_Source information_:
━━━━━━━━━━
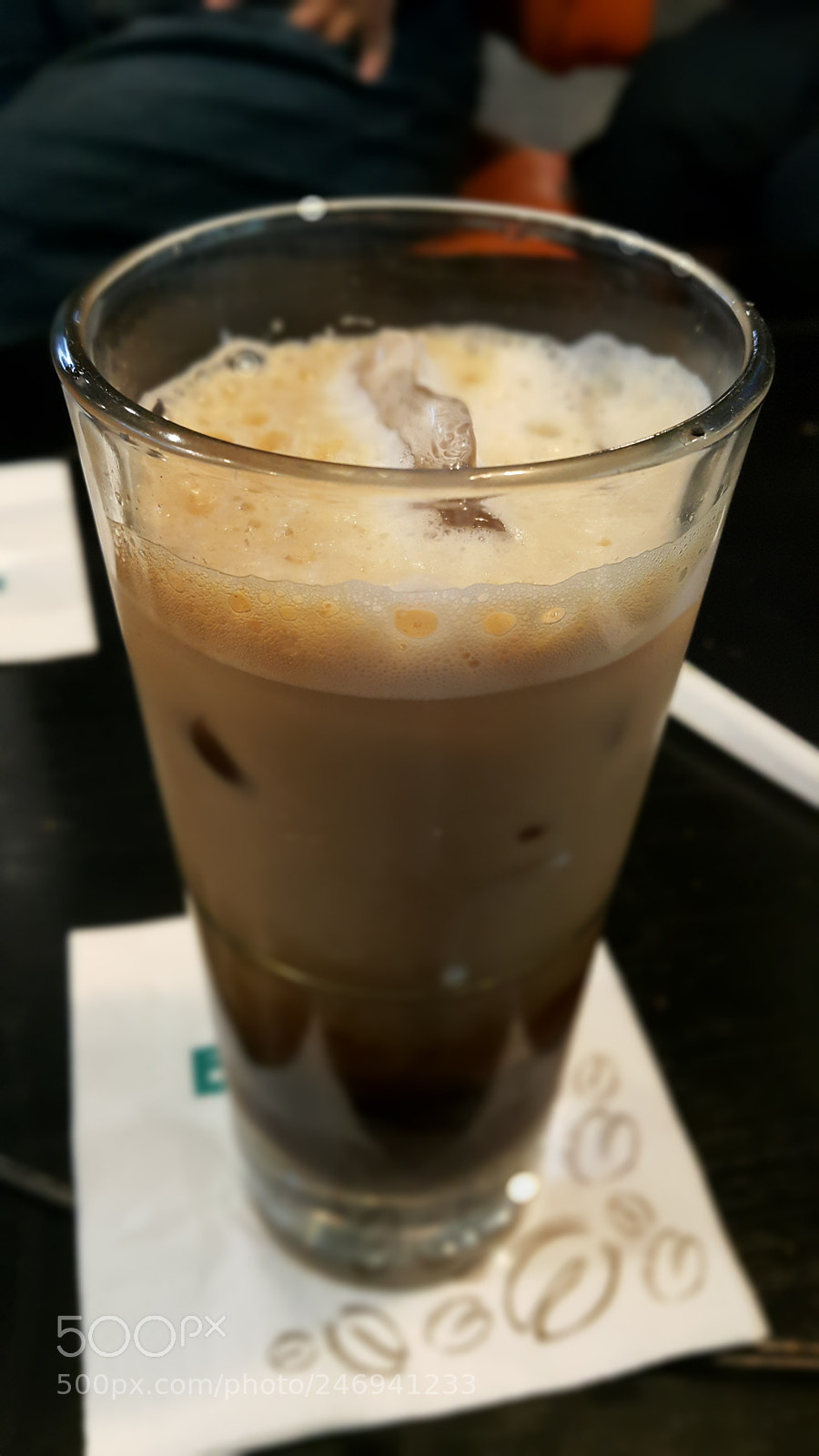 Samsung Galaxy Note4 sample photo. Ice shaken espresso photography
━━━━━━━━━━
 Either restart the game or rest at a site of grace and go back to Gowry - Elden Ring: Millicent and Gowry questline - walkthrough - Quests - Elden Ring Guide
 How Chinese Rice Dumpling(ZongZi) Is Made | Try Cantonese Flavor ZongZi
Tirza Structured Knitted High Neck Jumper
━━━━━━━━━━
_Task to complete_: Please copy the lines above from the line with "Either restart the" up to and including the line with "Tirza Structured Knitted High Neck Jumper", exactly as written and with nothing else.

_Answer area_:
 Either restart the game or rest at a site of grace and go back to Gowry - Elden Ring: Millicent and Gowry questline - walkthrough - Quests - Elden Ring Guide
 How Chinese Rice Dumpling(ZongZi) Is Made | Try Cantonese Flavor ZongZi
Tirza Structured Knitted High Neck Jumper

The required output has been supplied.